## TASK DIRECTIONS:
Up to and including the line that contains "Slicker Brush with Bamboo Handle for Dogs", repeat the entries below exactly from the first line on. Do not carry over any pictures.

## Short descriptive text snippets:
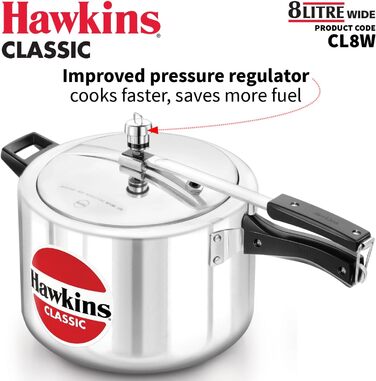 Скороварка Hawkins Classic CL8W, алюміній, 8 л, середня, срібляста
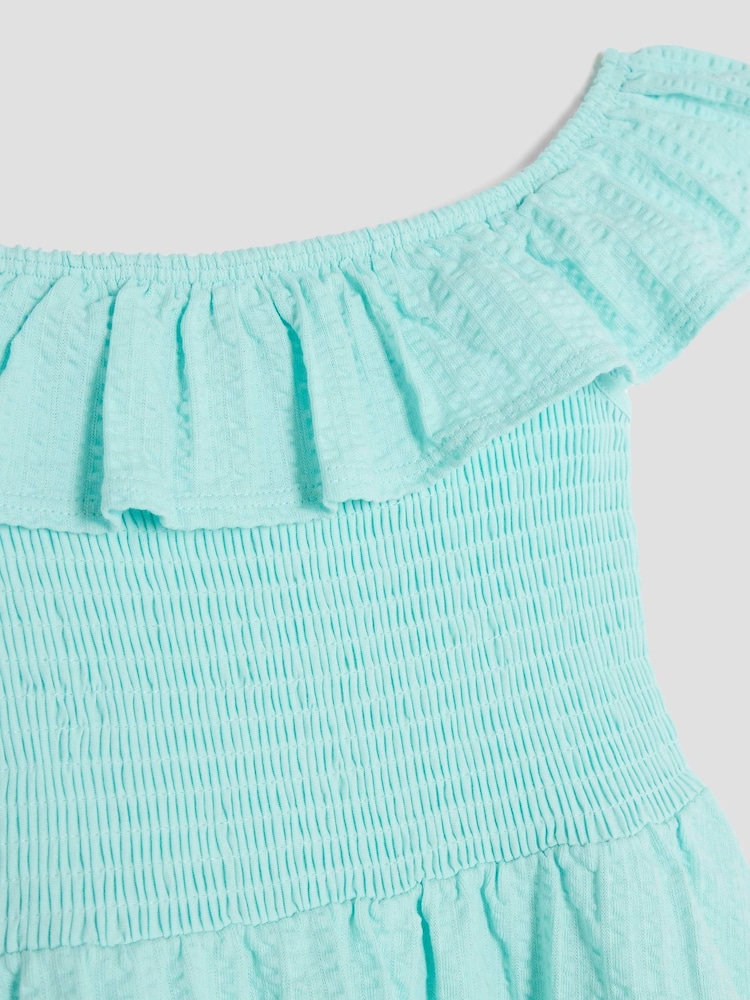 River Island Blue Girls Bardot Rara 100% Cotton Dress - Image 2 of 4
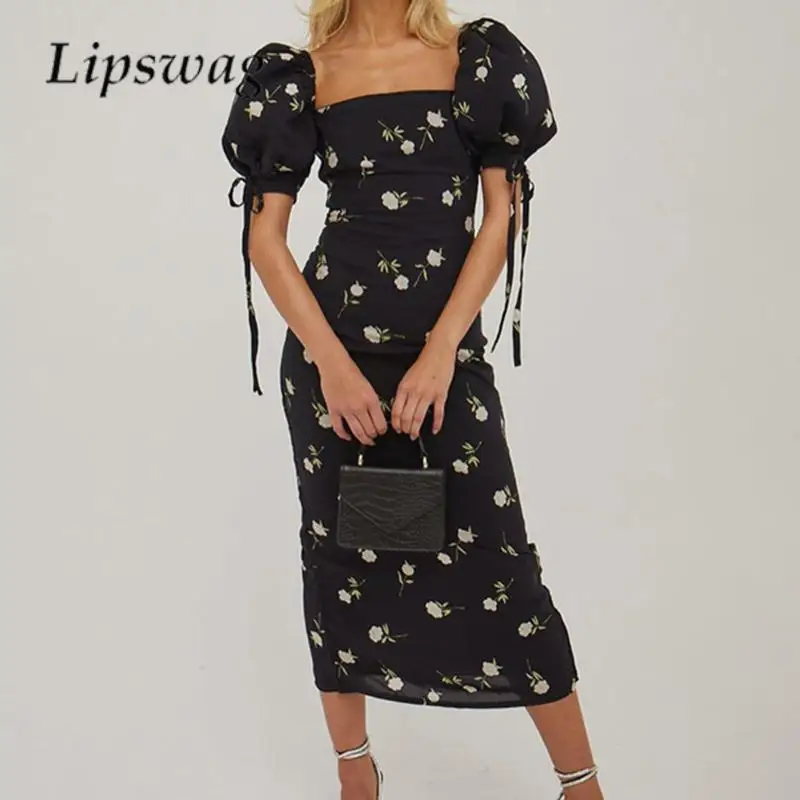 

Женское элегантное приталенное платье с разрезом, Модные Длинные Платья с цветочным принтом, 2023, милое женское платье с квадратным вырезом и коротким рукавом-фонариком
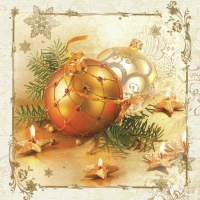 Servietten 33x33 cm - Gold Decorative Bauble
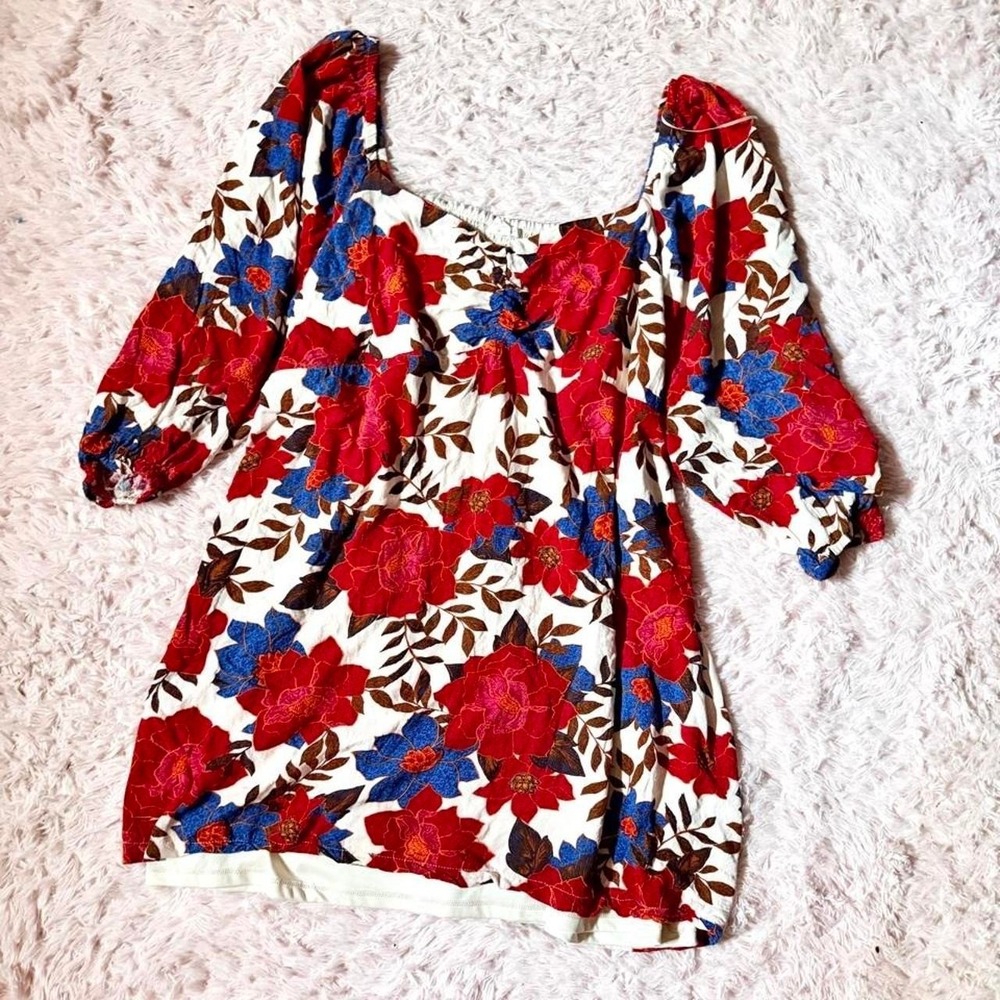 Floral Americana Patriotic Cottage Core BBQ Picnic Mini Dress Womens 4X Earthy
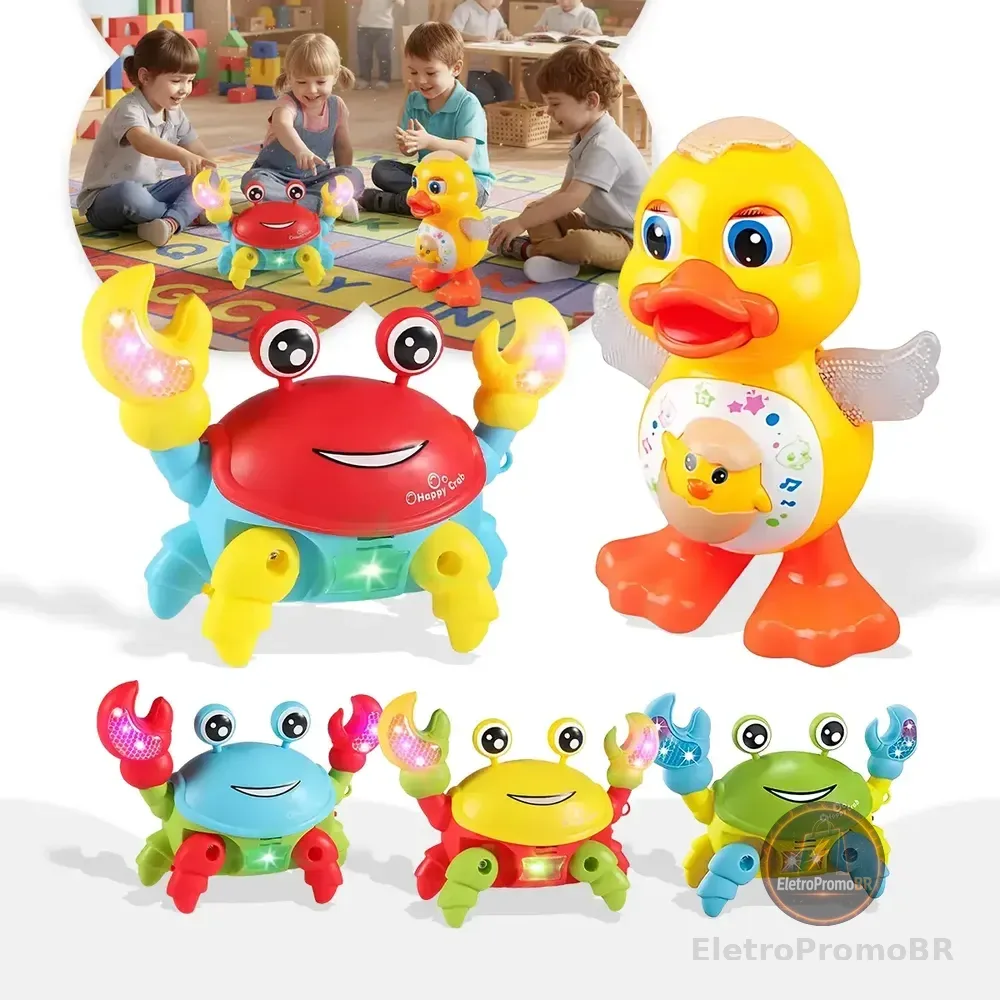 Kit Pato Dançante E Caranguejo Fujão Brinquedos Som Infantil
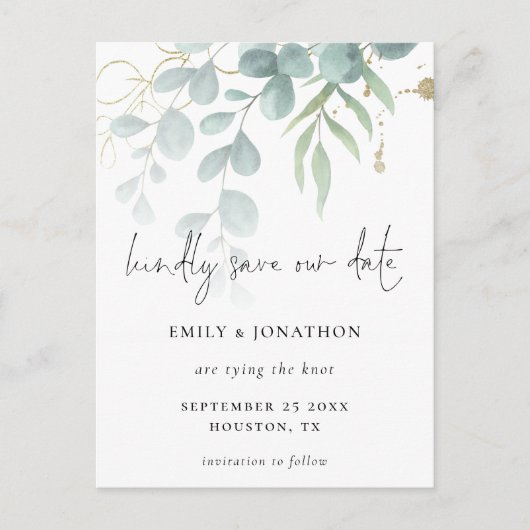 Eucalyptus Powder Blue Gold Script Sla de datum op Uitnodiging Briefkaart (Voorkant)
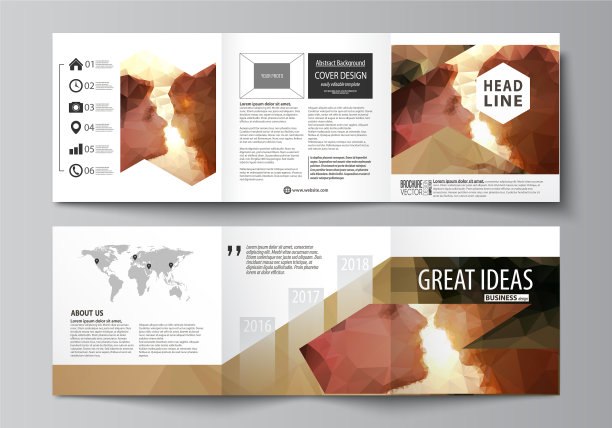 三折正方形的业务模板集图片下载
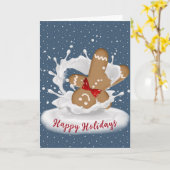 Happy Holidays Gingerbread Man in Milk Kaart (Gele Bloem)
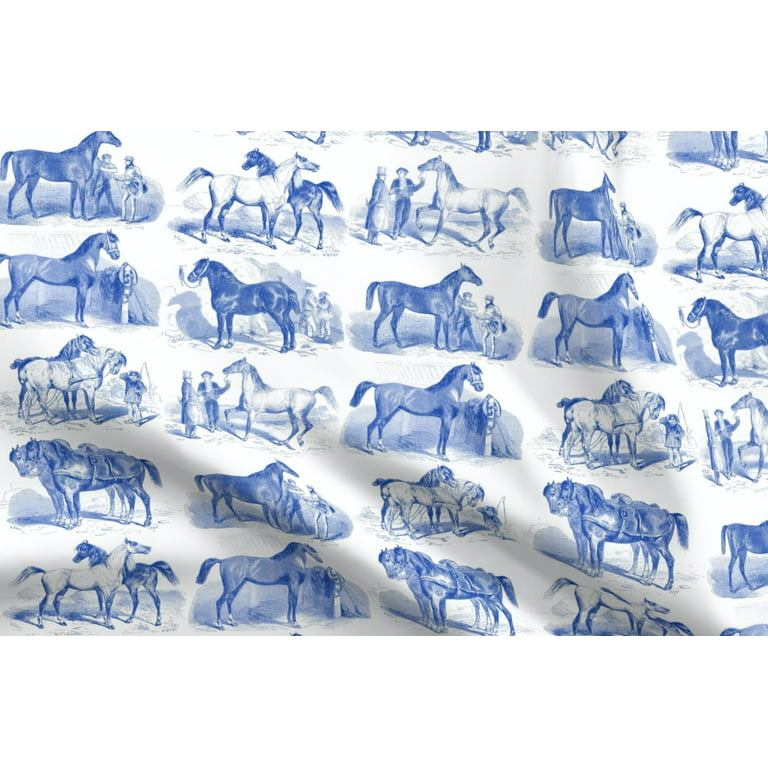 Marye-Kelley - Equestrian Jumper Toile Blue Decoupage Plate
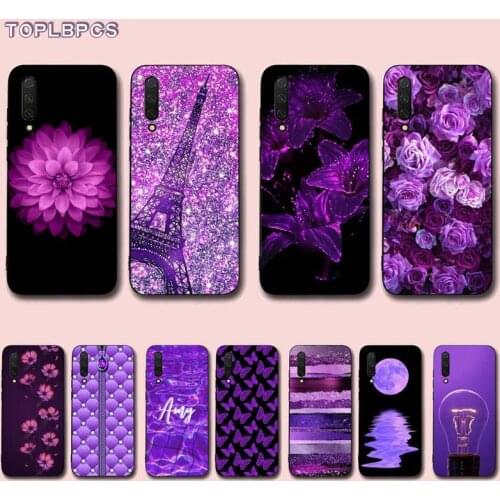 TOPLBPCS Love Purple Glitter Luxury Unique Phone Cover for Xiaomi mi 9 8 10 5 6 lite F1 SE Max 3 2 mix 2s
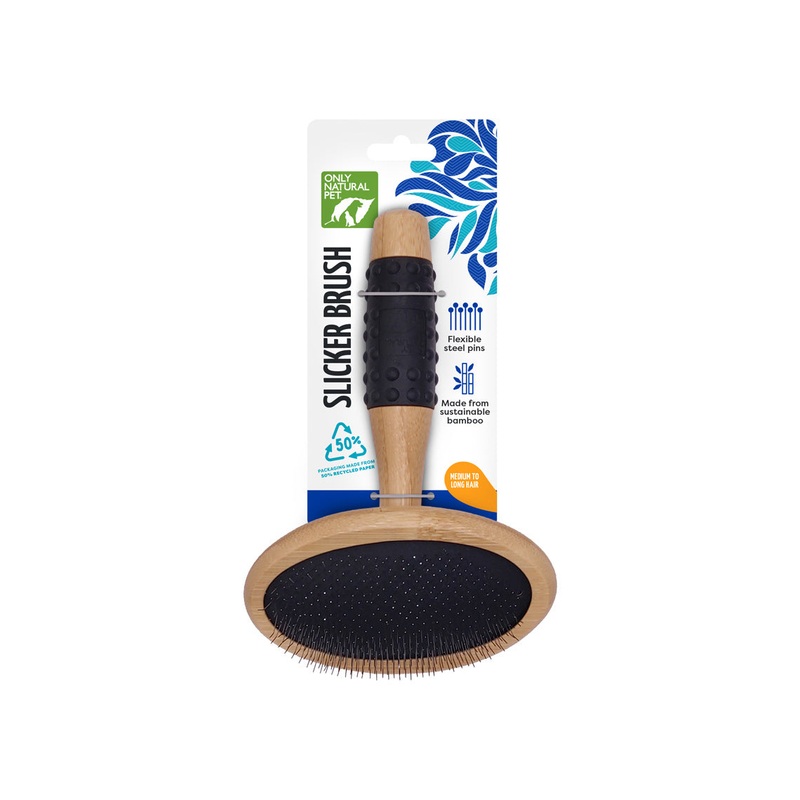 Slicker Brush with Bamboo Handle for Dogs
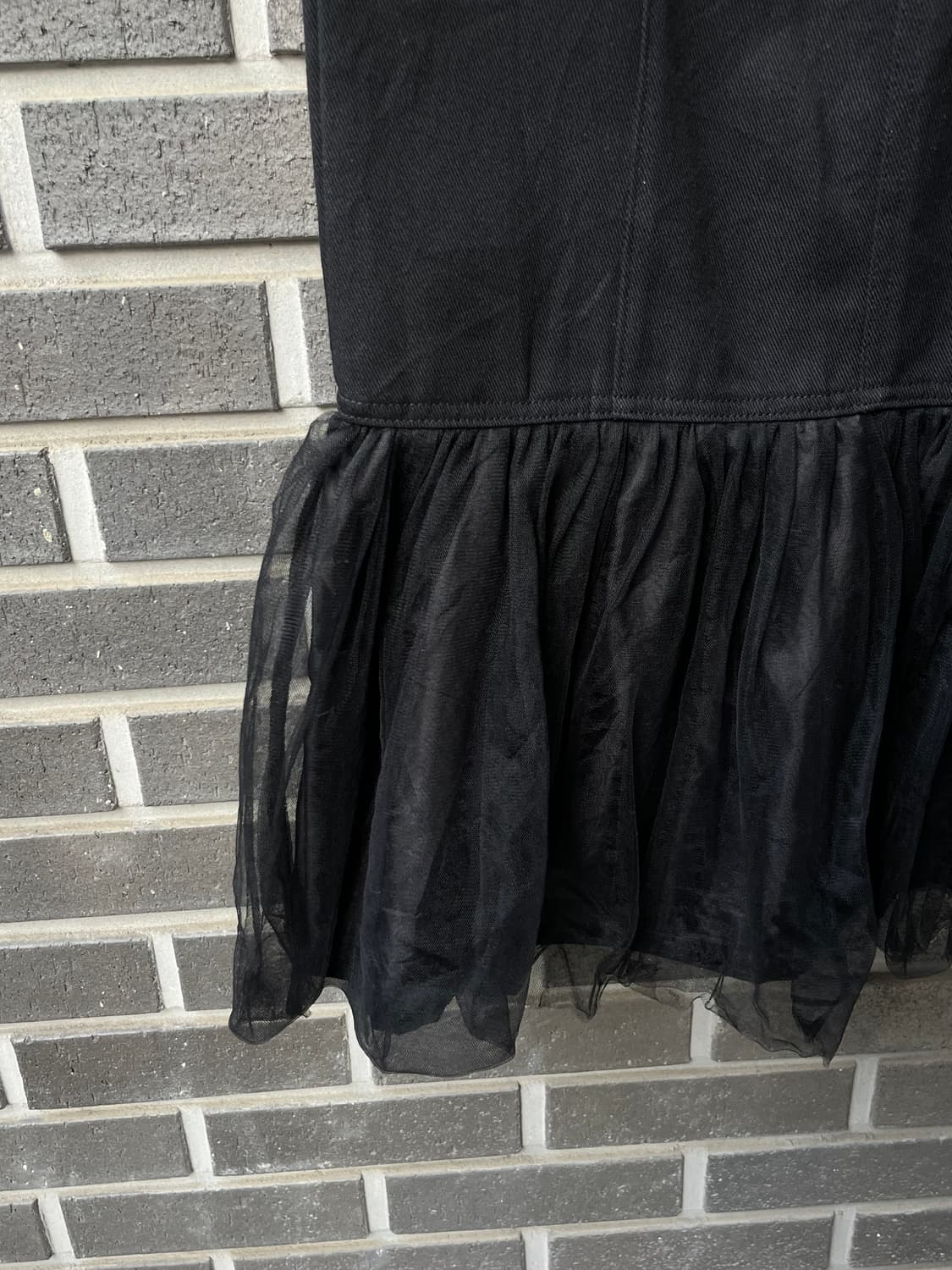 튤 코튼 롱 스커트 블랙 상품이미지7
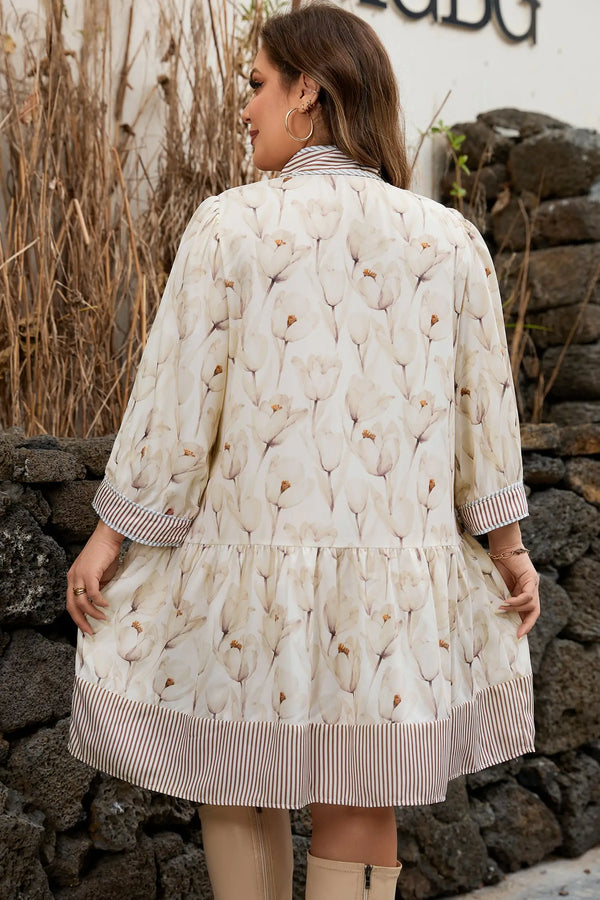 Khaki Plus Size Floral Patchwork Button Down Dress Women UK — back view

## YOUR RESPONSE:
 Скороварка Hawkins Classic CL8W, алюміній, 8 л, середня, срібляста
 River Island Blue Girls Bardot Rara 100% Cotton Dress - Image 2 of 4

Женское элегантное приталенное платье с разрезом, Модные Длинные Платья с цветочным принтом, 2023, милое женское платье с квадратным вырезом и коротким рукавом-фонариком
 Servietten 33x33 cm - Gold Decorative Bauble
 Floral Americana Patriotic Cottage Core BBQ Picnic Mini Dress Womens 4X Earthy
 Kit Pato Dançante E Caranguejo Fujão Brinquedos Som Infantil
 Eucalyptus Powder Blue Gold Script Sla de datum op Uitnodiging Briefkaart (Voorkant)
 三折正方形的业务模板集图片下载
 Happy Holidays Gingerbread Man in Milk Kaart (Gele Bloem)
 Marye-Kelley - Equestrian Jumper Toile Blue Decoupage Plate
 TOPLBPCS Love Purple Glitter Luxury Unique Phone Cover for Xiaomi mi 9 8 10 5 6 lite F1 SE Max 3 2 mix 2s
 Slicker Brush with Bamboo Handle for Dogs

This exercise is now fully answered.